Blog ›Tech Talk Series

By Vladimir Schreiner

Vladimir is a product manager with an engineering background and deep expertise in stream processing and real-time data pipelines. Ten years of building internal software platforms and development infrastructure have made him passionate about new technologies and finding ways to simplify data processing. Vladimir co-authored two white papers on the topic: Understanding Stream Processing: Fast Processing of Infinite and Big Data, and A Reference Guide to Stream Processing. His tutorial video on stream processing and real-time data pipelines discusses the building blocks of a stream processing pipeline and demonstrates how developers can write a full-blown streaming pipeline in less than a hundred lines of Java code for a variety of applications. Vladimir is also a lecturer with the Czechitas Foundation, whose mission is to inspire women and girls to explore the world of information technology. Czechitas Foundation teaches coding in various programming languages, software testing, and data analysis.

View all blogs by the author

Apr 1, 2020

Back to Blog

Tech Talk Series

Tech conferences and meetups have been canceled or postponed across the world. To make the situation a little bit more pleasing for everybody who misses them, Hazelcast has started a series of virtual tech meetups.

Please join us on Thursdays, starting April 2nd. Always at 3:30pm CET/ 7:30am PDT / 10:30am EDT / 2:30pm GMT.

The list of topics:

Streaming in the world of legacy applications (Vladimir Schreiner)

Date: Thursday, April 2, 2020

Recording: https://youtu.be/LzuRPXUrQZA

A practical introduction to CDC (Change Data Capture). Architecture, trade-offs, tooling, and demos.

There are common themes when people describe their reasons for rearchitecting legacy business applications at a technical level: Speed & Scalability. At a business level: The need to gain new real-time insights. These legacy applications commonly center around some central datastore, such as a relational database. Moving away from this architecture requires massive migration effort. The costs and risks associated with such an effort can sometimes be prohibitive for business owners, you can’t just rip out your relational database.

A lower risk, gradual transition to a target architecture, often wins the day. Streaming, Caching & CDC technologies are vital tools for this journey. CDC (Change Data Capture) can turn your legacy data stores into streaming sources.
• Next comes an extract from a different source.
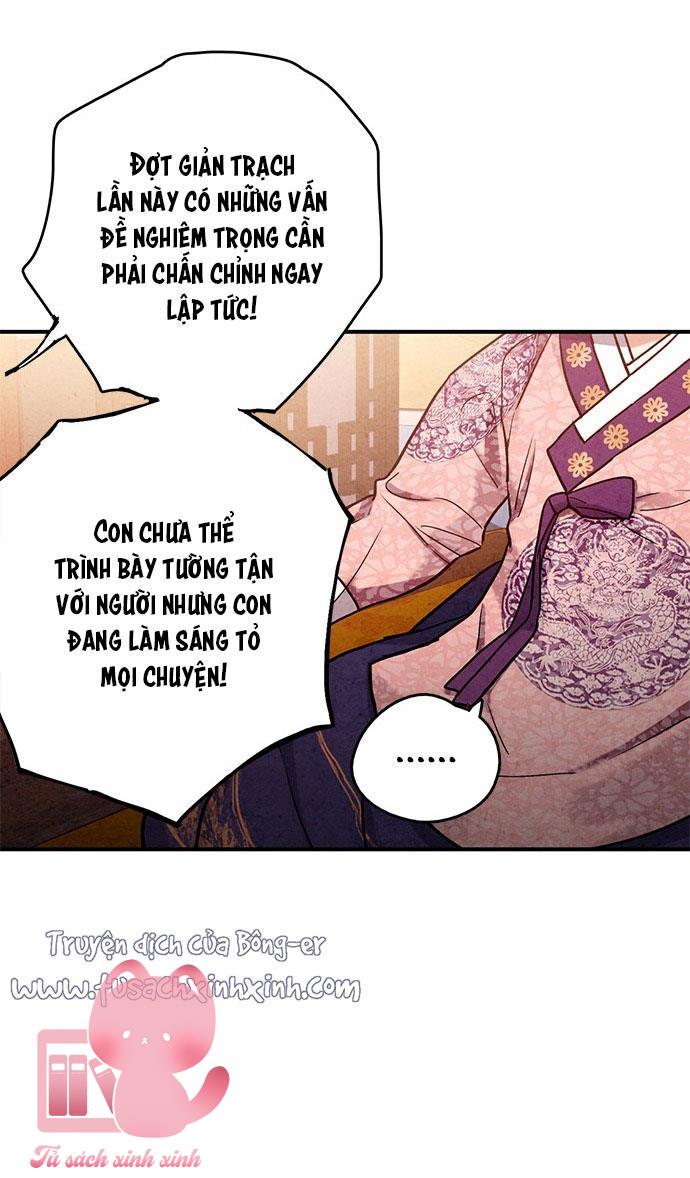 Lệnh Cấm Hôn - Chap 89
Modern caching technologies can host data in a way that provides speed and scalability, and finally, streaming acts as the glue that can drive new use cases as well as bridging the old.

Machine Learning at Scale using distributed stream processing (Marko Topolnik)

Date: Thursday, April 9, 2020

Recording: https://youtu.be/acDl6_c44ro

The capabilities of machine learning are now pretty well understood, and there are great tools to do data science and construct models that answer nontrivial questions about your data. These tools are mostly used in Python.

The key new challenge is making the trained prediction model usable in real time, while the user is interacting with your software. Getting answers from an ML model (this is called inference) takes a lot of CPU and must be done at serious scale. The ML tools are optimized mainly for batch-processing a lot of data at once, and often the implementations aren’t parallelized.

In this talk, I will show an approach that allows you to write a low-latency, auto-parallelized, and distributed stream processing pipeline in Java that seamlessly integrates with a data scientist’s work taken in almost unchanged form from their Python development environment.

The talk includes a live demo using the command line and going through some Python and Java code snippets.

3 Easy Improvements in Your Microservices Architecture (Nicolas Frankel)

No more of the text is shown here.